Last updated: May 3rd, 2017 at 09:58 pm
Markets seem to have reached a crossroads with a rather benign period of trading with participants taking their time in deliberation over the next direction. Perhaps this is a function of some high volatility events in the offing, with the crucial OPEC/Non-OPEC meeting in Doha this Sunday, the start of earnings season in the US and some crucial Chinese economic data. Treasury yields have stabilized after their recent decline and perhaps this is helping to generate a very slight uptick in risk appetite this morning, at least across the forex markets. This has been shown with the sell-off on Dollar/Yen taking a pause for breath (and possibly even beginning a rally). Talk of the prospect of BoJ intervention continues to come through, but this seems likely to be just jawboning at this stage and there is no evidence of any action.
The slight uptick in sentiment is impacting across forex markets with the weaker yen being a key development after days o strength. We are also seeing the commodity currencies stronger again. However the euro remains stuck underneath its old long term range highs and is really struggling for direction now. The gold price is just coming off the top after a few days of gains, whilst the oil price is doing the same.
Traders will be on the lookout for UK inflation at 0930BST in which the headline CPI is expected to pick up to +0.4% (from +0.3%) whilst the core CPI is expected to move to +1.3% (from +1.2% last month). This would be sterling supportive to a degree.
Chart of the Day – FTSE 100
The bulls are close to regaining control, but they just cannot make the break. A remarkable period of sideways trading on the FTSE 100 continues with the resistance band at 6200/6237 still intact. The FTSE 100 has made a total of 13 intraday moves above 6200 since the beginning of March and remarkably, the highest close is at 6204. The shackles of resistance just cannot be broken, with yesterday’s candle forming a doji pattern with a close bang on 6200. With the early morning moves again showing the market struggling around the resistance, the momentum indicators are now in drift mode and the concern would be that the bulls just become tired now. What has now become a 200 tick trading band is putting pressure on the highs but cannot make the breakout. The Bollinger Bands are increasingly tight now and when the bands move close together (between 6096/6233) there is a sense of impending breakout, which can often be very decisive. Look for a closing break above or below the bands to signal the end of low volatility and approaching higher volatility (ie a new trend).

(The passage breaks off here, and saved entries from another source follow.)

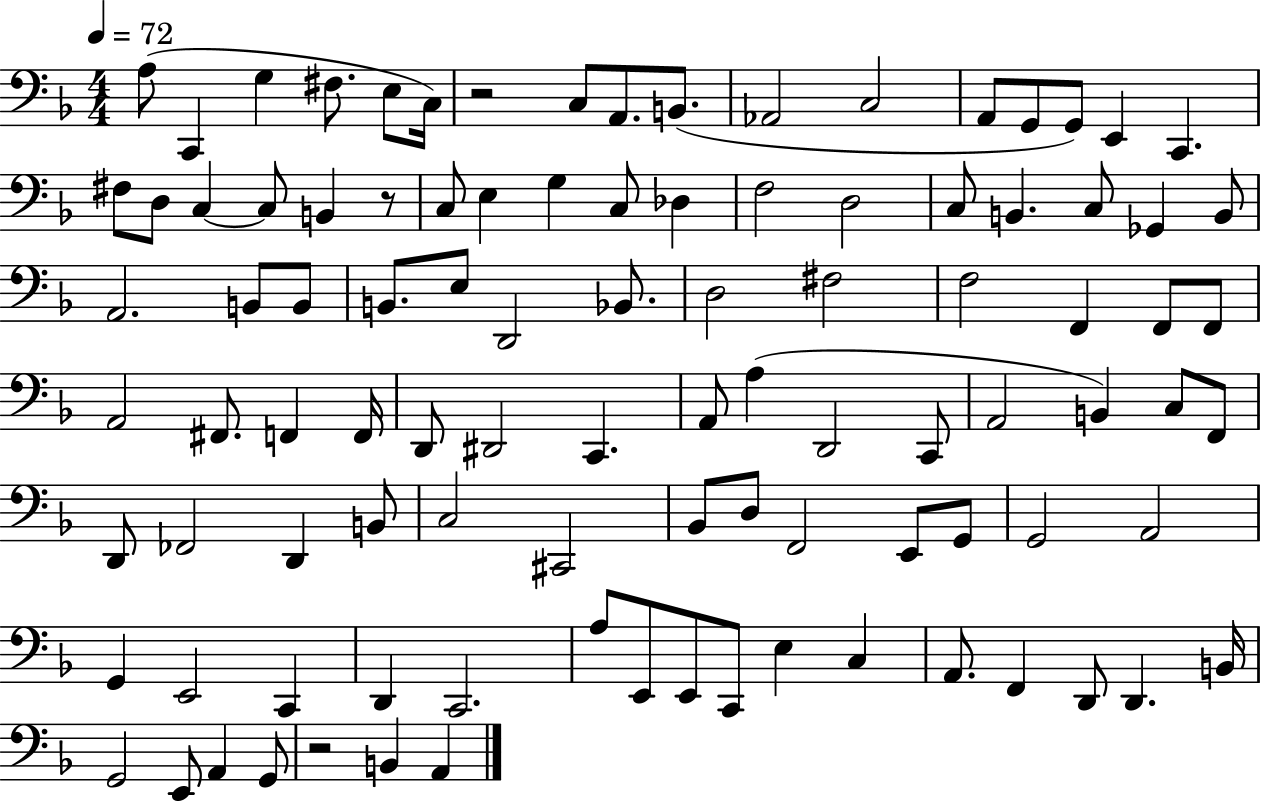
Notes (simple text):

A3/e C2/q G3/q F#3/e. E3/e C3/s R/h C3/e A2/e. B2/e. Ab2/h C3/h A2/e G2/e G2/e E2/q C2/q. F#3/e D3/e C3/q C3/e B2/q R/e C3/e E3/q G3/q C3/e Db3/q F3/h D3/h C3/e B2/q. C3/e Gb2/q B2/e A2/h. B2/e B2/e B2/e. E3/e D2/h Bb2/e. D3/h F#3/h F3/h F2/q F2/e F2/e A2/h F#2/e. F2/q F2/s D2/e D#2/h C2/q. A2/e A3/q D2/h C2/e A2/h B2/q C3/e F2/e D2/e FES2/h D2/q B2/e C3/h C#2/h Bb2/e D3/e F2/h E2/e G2/e G2/h A2/h G2/q E2/h C2/q D2/q C2/h. A3/e E2/e E2/e C2/e E3/q C3/q A2/e. F2/q D2/e D2/q. B2/s G2/h E2/e A2/q G2/e R/h B2/q A2/q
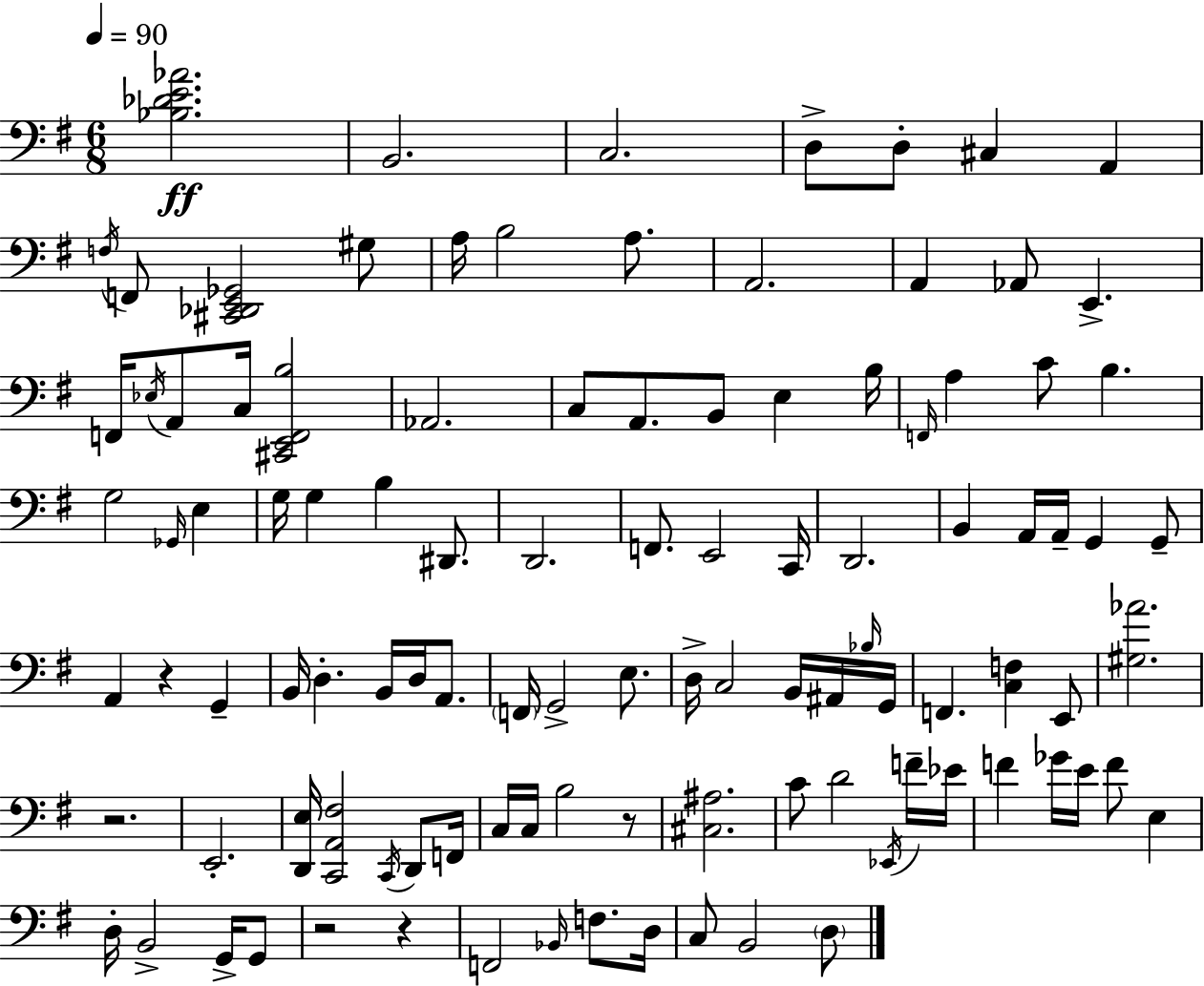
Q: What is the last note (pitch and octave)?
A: D3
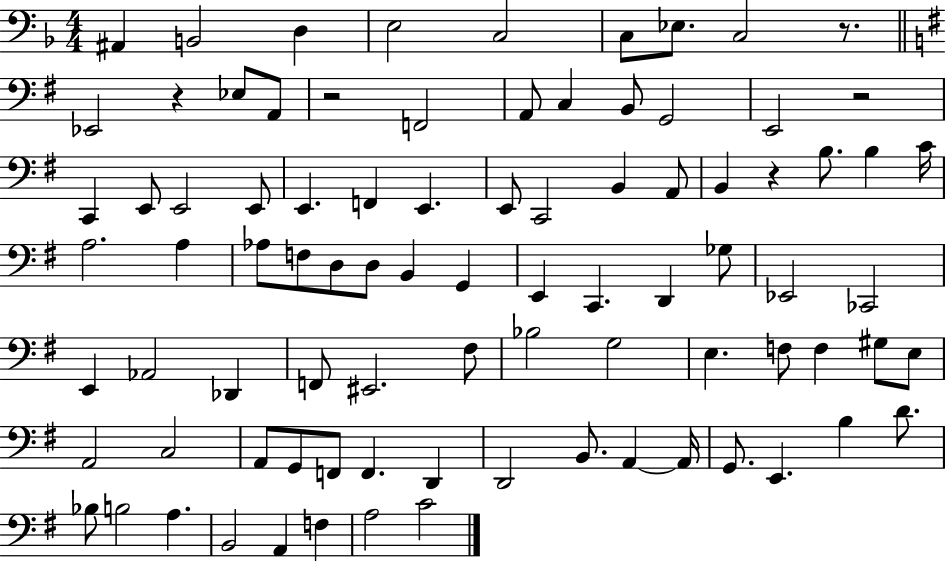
X:1
T:Untitled
M:4/4
L:1/4
K:F
^A,, B,,2 D, E,2 C,2 C,/2 _E,/2 C,2 z/2 _E,,2 z _E,/2 A,,/2 z2 F,,2 A,,/2 C, B,,/2 G,,2 E,,2 z2 C,, E,,/2 E,,2 E,,/2 E,, F,, E,, E,,/2 C,,2 B,, A,,/2 B,, z B,/2 B, C/4 A,2 A, _A,/2 F,/2 D,/2 D,/2 B,, G,, E,, C,, D,, _G,/2 _E,,2 _C,,2 E,, _A,,2 _D,, F,,/2 ^E,,2 ^F,/2 _B,2 G,2 E, F,/2 F, ^G,/2 E,/2 A,,2 C,2 A,,/2 G,,/2 F,,/2 F,, D,, D,,2 B,,/2 A,, A,,/4 G,,/2 E,, B, D/2 _B,/2 B,2 A, B,,2 A,, F, A,2 C2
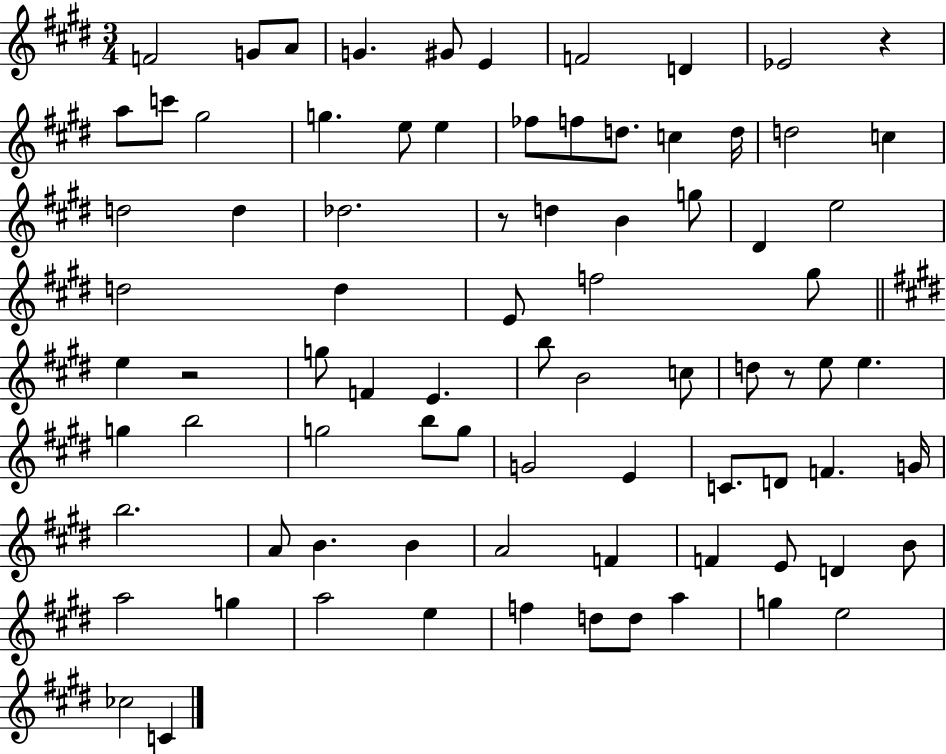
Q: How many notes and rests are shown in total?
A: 82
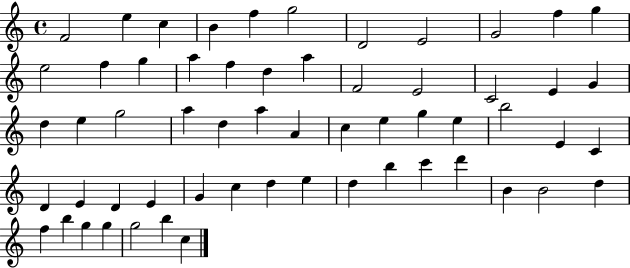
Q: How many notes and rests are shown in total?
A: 59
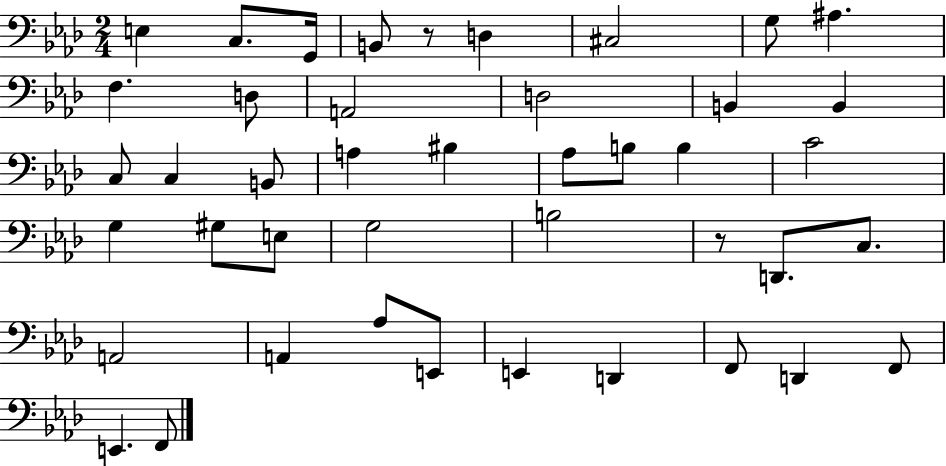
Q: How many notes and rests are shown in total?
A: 43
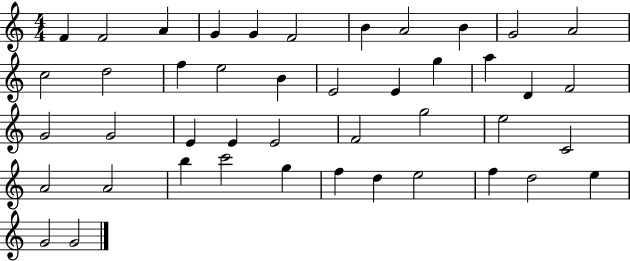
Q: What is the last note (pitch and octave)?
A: G4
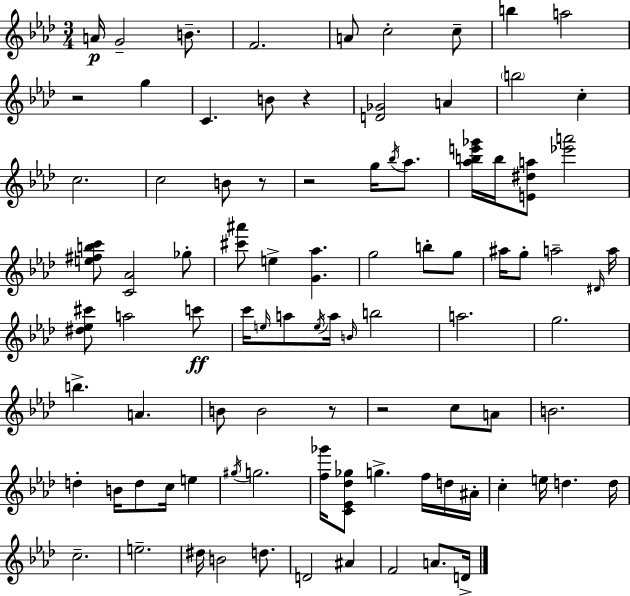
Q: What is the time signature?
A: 3/4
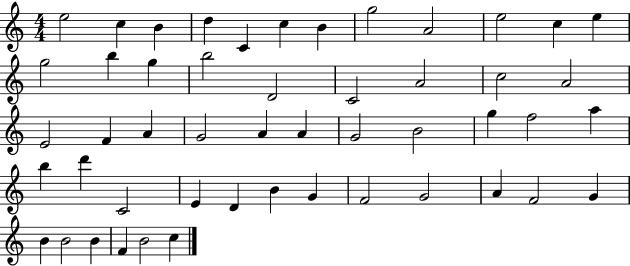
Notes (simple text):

E5/h C5/q B4/q D5/q C4/q C5/q B4/q G5/h A4/h E5/h C5/q E5/q G5/h B5/q G5/q B5/h D4/h C4/h A4/h C5/h A4/h E4/h F4/q A4/q G4/h A4/q A4/q G4/h B4/h G5/q F5/h A5/q B5/q D6/q C4/h E4/q D4/q B4/q G4/q F4/h G4/h A4/q F4/h G4/q B4/q B4/h B4/q F4/q B4/h C5/q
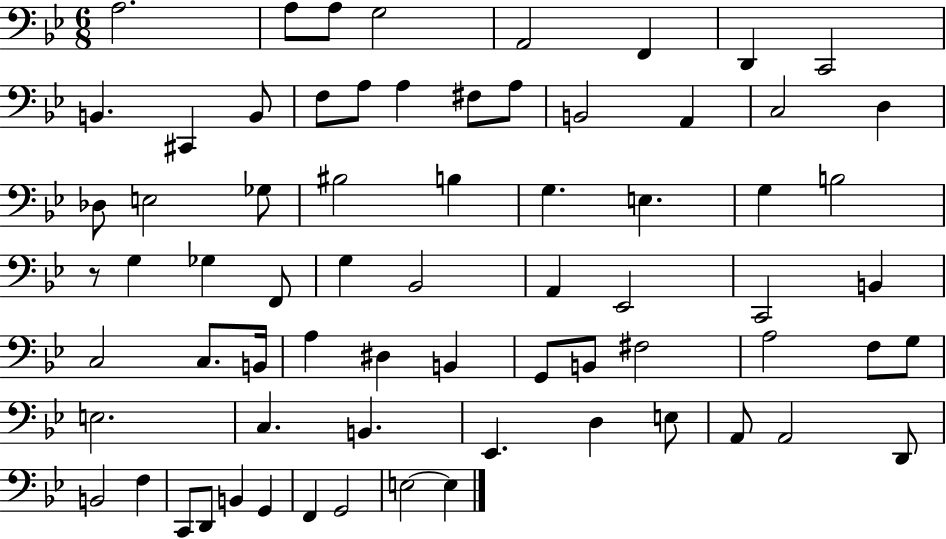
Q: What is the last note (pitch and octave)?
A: E3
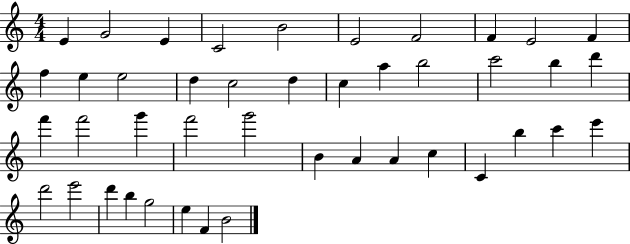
E4/q G4/h E4/q C4/h B4/h E4/h F4/h F4/q E4/h F4/q F5/q E5/q E5/h D5/q C5/h D5/q C5/q A5/q B5/h C6/h B5/q D6/q F6/q F6/h G6/q F6/h G6/h B4/q A4/q A4/q C5/q C4/q B5/q C6/q E6/q D6/h E6/h D6/q B5/q G5/h E5/q F4/q B4/h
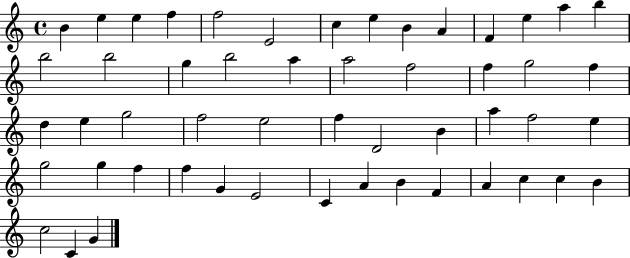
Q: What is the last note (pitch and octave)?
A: G4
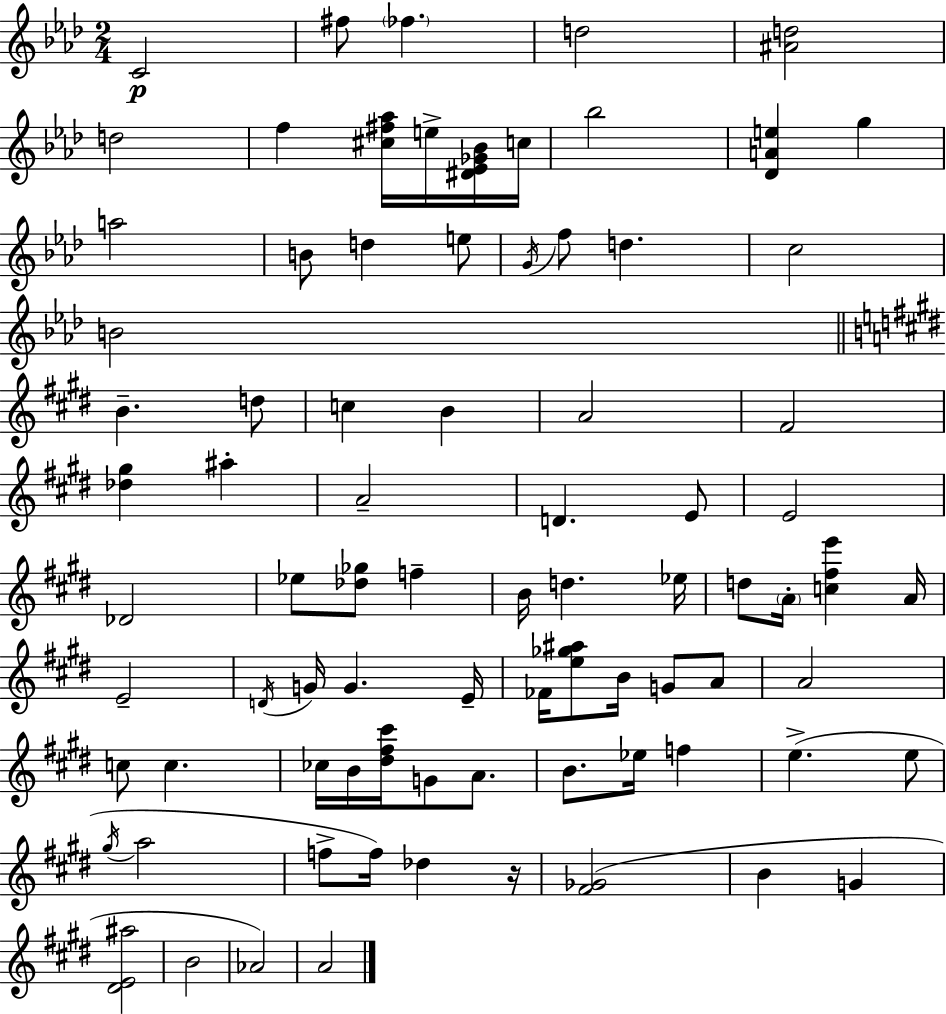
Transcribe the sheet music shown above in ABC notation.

We are still awaiting for direction on the euro as another very neutral candle has been posted in this increasingly benign sideways range. The price has now been trading in this band between $1.1325/$1.1453 for the past seven completed sessions and there is little real sign that the market is ready to break either way. The only hint of a sign has been that last night’s close was the first close above $1.1400 since October. The momentum indicators remain positively configured but I am still reticent due to the fact that the price is so close to the long term range highs and if the range I to continue, then this would still be considered an opportunity to take profit. Despite this there is no sign of profit taking yet. The hourly chart shows the benign outlook with momentum neutral (RSI oscillating between 40/65). Until we get a breakout above $1.1465 (the long term range resistance) or below $1.1325 then continue to play the range.
Sterling engaged in something of a short squeeze yesterday, but I still retain my outlook that rallies are a chance to sell and I am now on the lookout for the next sell signal. The consistent pressure on $1.4050 in the past few weeks has helped to generate a bearish drift on indicators such as the RSI and MACD lines and the underside of the old downtrend channel (currently around $1.4450) is still a basis of resistance. As the Stochastics unwind from the latest test of $1.4050 there is still some room for additional unwinding on the daily chart in the near term, but there is considerable overhead resistance. The hourly chart shows the breakout above the pivot line at $1.4170 completed a near term rally that implied $1.4290, a target that has all but been achieved. In bear market rallies, the rebounds tend to undershoot their targets and this could be the case here, and with strong near term resistance at $1.4320 I expect this to be around where the next near term high comes in. I would expect pressure to resume back on $1.4170 and a retreat to $1.4050 in due course. A decisive move above $1.4320 opens the recent highs around $1.4425 and $1.4460.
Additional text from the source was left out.